Vintage Update – January 2022

Welcome to a new year in the Dundee Hills. Our grape vines are tucked in for the winter, doing the hard and important work of expanding their root structure, gathering the nutrients of the soil and preparing for a year of vigorous growth and fruit production. All of this foundational work will come to fruition this fall when harvest begins on our 2022 vintage.

Every month this year, we’ll take you into the vineyards and behind the scenes to show you what’s happening in the vineyard. As the months pass, you’ll watch as our vines are pruned, as bud break begins, as clusters begin to form, as grapes ripen and shift color in a process called veraison, as harvest begins and this 2022 vintage is finally put into barrels and bottles to age and wait for the perfect moment for all of us to enjoy.

Wine is the end result of the flexibility, tenacity and trained instincts of our winemakers to know when to wait and when to jump. It’s the outcome of our annual dance with mother nature–and each year is its own dance. Join us as we follow the 2022 vintage!

January is one of the coldest months of the year in the Dundee Hills, a sub-AVA of the Willamette Valley. Our vines are dormant, being sustained by the carbohydrates they stored up in their trunks during the 2021 growing season. As the weather warms in March and April, sap will begin to flow and our Pinot Noir, Chardonnay, Pinot Gris vines (and so many other varietals!) will awaken. But for now while they sleep, we prune them back and train their canes to ready them for the next season of growth.

Pruning is thankless work, all done by hand and repeated six days a week on vine after vine across dozens of vineyard acres in the cold, wet Oregon months of January and February. Many vineyard acres have close to 1,200 vines each, so a 50-acre vineyard could include up to 60,000 vines.

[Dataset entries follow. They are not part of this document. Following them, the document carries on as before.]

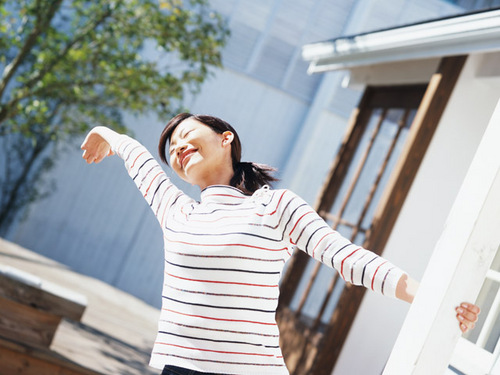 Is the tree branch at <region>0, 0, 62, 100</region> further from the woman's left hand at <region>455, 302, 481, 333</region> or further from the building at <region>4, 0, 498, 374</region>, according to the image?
the woman's left hand at <region>455, 302, 481, 333</region>

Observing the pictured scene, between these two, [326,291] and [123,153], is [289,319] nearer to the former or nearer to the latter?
[326,291]

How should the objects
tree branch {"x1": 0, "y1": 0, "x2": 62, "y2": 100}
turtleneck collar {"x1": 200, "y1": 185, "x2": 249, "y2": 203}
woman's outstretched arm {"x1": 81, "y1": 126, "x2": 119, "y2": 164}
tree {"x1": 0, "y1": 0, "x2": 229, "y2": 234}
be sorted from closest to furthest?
turtleneck collar {"x1": 200, "y1": 185, "x2": 249, "y2": 203}, woman's outstretched arm {"x1": 81, "y1": 126, "x2": 119, "y2": 164}, tree branch {"x1": 0, "y1": 0, "x2": 62, "y2": 100}, tree {"x1": 0, "y1": 0, "x2": 229, "y2": 234}

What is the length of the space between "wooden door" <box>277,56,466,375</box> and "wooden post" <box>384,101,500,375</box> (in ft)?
8.50

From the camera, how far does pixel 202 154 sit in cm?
175

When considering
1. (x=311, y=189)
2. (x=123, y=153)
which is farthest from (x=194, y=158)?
(x=311, y=189)

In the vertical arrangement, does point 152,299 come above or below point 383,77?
below

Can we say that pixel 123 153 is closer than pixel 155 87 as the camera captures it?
Yes

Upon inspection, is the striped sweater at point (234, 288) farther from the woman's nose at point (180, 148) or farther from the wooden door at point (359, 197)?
the wooden door at point (359, 197)

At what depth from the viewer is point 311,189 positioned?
35.0 ft

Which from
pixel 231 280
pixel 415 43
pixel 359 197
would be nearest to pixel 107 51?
pixel 359 197

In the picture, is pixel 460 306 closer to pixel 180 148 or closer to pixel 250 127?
pixel 180 148

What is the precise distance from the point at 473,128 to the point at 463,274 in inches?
107

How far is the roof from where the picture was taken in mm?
3334

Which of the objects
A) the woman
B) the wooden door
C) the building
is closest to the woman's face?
the woman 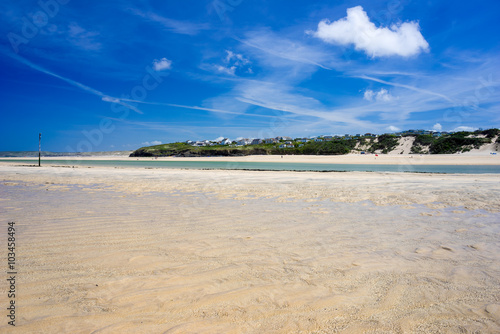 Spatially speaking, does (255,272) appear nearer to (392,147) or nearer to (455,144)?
(455,144)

This process is critical because it strongly influences the quality and quantity of the harvest we’ll see this fall. Over-pruning results in vines that put their energy into leafing and branching out rather than putting energy into clusters. Under-pruning leads to vines with more grape clusters than can be supported. Both negatively impact the health and yield of the grapes.

Don’t forget that grape vines are vines. Meaning, they are prolific growers that want to spread, explore and ramble across as much open space as they can find. But allowing that freedom would give permission for all their energy to go into shoot and leaf growth rather than grape production. And it would make for a tangled, chaotic vineyard that’s absolutely impossible to maintain. Thus our vineyard stewards carefully prune, cane train, and take numerous other measures to tame these vigorous vines towards a productive harvest.

Next month, we’ll take you deeper into the process of pruning vines and training the canes to support the next season of growth. The methods our vineyard stewards take are influenced by elevation, productivity of the vines and timing of bud break.

The next time you pour a glass of Dundee Hills wine, take a moment to consider the journey the grapes took in the vineyard. It started in the coldest winter months while the vines lay dormant. Vineyard stewards pruned and tied down the canes that sustained the grape clusters that were eventually picked, pressed and aged into the wine in your glass. Cultivating grapes is an intentional and physical process at every step. And that makes the end result – the gorgeous wine swirling in your glass – all the sweeter of a victory.